1. La réflexion est un devoir, l’expression est son accomplissement.

- Dans un monde en pleine mutation, le militaire au service de son pays, et plus particulièrement l’officier chargé de la conduite des hommes, se doit de participer activement à l’évolution de la pensée militaire.

- Toute adaptation véritable requiert l’adhésion et au préalable réflexions personnelles et partagées.

- Le seul objectif à poursuivre en s’exprimant, est de servir la nation et sa défense. Il faut pour cela ne pas craindre de s’engager et montrer comme au combat, honneur, courage, sens des responsabilités, force de caractère et ténacité.

2. Adapter son message à sa mission.

- Pour chaque mission d’expression, reçue ou voulue, l’essentiel est de fixer avec précision le message à délivrer, en définissant clairement l’objectif, la teneur et la cible convoitée.

- Cela doit nécessairement dépendre de sa compétence, mais aussi de la fonction détenue, car selon son degré de responsabilité et de décision, certaines positions peuvent être ou non tenues.
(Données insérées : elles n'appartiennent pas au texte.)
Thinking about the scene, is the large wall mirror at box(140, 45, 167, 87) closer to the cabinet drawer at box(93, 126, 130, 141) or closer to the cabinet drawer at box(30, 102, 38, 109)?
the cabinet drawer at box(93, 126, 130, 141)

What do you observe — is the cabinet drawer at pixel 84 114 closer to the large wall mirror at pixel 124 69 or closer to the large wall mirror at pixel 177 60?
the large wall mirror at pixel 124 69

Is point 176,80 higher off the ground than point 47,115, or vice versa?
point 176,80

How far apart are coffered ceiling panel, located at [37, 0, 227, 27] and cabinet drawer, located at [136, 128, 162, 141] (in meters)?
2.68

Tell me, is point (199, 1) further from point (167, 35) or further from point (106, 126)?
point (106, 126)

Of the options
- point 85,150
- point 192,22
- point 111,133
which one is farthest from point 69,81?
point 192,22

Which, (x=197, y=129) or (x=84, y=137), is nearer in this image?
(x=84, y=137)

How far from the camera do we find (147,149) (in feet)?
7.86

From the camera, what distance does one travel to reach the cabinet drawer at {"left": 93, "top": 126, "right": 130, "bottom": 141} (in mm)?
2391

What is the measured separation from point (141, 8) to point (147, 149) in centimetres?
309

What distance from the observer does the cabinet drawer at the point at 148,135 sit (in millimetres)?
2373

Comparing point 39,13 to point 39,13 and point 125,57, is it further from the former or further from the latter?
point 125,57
On ne peut jamais mettre en contradiction pensée et action.

- Enfin, tout message doit être réaliste et raisonnable, fondé sur le présent et pesant sur l’avenir.
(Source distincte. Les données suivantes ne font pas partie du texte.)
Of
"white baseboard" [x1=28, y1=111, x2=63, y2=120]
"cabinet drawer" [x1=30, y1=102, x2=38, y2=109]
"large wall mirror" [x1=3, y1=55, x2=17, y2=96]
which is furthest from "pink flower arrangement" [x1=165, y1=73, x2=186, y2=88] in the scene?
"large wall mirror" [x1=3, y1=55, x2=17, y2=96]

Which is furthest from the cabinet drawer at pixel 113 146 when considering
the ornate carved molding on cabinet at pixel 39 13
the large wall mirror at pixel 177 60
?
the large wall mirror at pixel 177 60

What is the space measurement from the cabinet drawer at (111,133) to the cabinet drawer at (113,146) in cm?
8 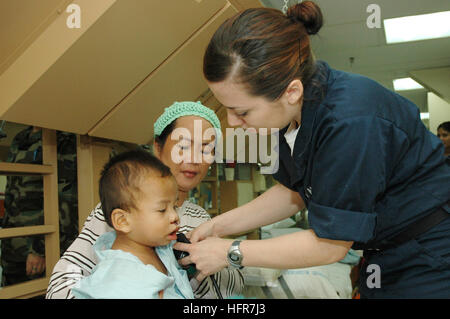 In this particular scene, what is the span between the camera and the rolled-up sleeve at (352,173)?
81cm

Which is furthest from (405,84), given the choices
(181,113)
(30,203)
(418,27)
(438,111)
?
(30,203)

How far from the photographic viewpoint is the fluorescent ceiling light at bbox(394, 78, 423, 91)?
514 centimetres

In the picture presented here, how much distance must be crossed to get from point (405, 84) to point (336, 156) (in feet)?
16.8

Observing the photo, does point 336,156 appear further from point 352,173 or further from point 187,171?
point 187,171

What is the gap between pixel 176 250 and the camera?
1.09m

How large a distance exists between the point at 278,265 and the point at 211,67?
1.61 ft

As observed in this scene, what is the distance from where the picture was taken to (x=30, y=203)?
1926 mm

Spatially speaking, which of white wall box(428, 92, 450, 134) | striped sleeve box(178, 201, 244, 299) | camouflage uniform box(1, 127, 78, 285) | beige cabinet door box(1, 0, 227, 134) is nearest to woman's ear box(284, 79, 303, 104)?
striped sleeve box(178, 201, 244, 299)

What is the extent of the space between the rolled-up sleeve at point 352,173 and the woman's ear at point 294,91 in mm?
116

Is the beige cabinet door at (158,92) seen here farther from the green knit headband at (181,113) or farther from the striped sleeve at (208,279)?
the striped sleeve at (208,279)

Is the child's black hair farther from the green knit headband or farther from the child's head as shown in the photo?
the green knit headband

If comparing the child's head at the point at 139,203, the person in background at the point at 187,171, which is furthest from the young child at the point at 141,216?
the person in background at the point at 187,171

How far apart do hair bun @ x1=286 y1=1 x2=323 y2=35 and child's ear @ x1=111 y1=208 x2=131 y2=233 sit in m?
0.64
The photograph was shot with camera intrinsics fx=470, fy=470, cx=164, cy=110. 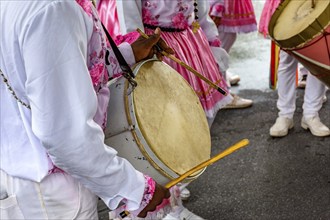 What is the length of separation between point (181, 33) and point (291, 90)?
1184 mm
3. S’imposer une discipline intellectuelle rigoureuse.

- Quand une décision est prise, on se doit de faire cause commune avec celui qui l’a prise, mais au préalable, le champ d’expression doit être aussi large et riche que possible.

- Toute bonne idée doit être prise en compte, comme toute mauvaise doit être réfutée quitte à discréditer son auteur.

- Ne jamais mesurer ses efforts aux effets directs et visibles, mais plutôt à l’importance de la cause défendue.

4. Respecter et utiliser lois et règlements.

- Cela nécessite de bien les connaître tant par leurs limites que par ce qu’ils autorisent.

- Il convient de préciser que l’obligation de réserve se limite à ne pas utiliser sa fonction comme instrument de propagande et à ne jamais faire douter de sa neutralité ou de son loyalisme envers les institutions.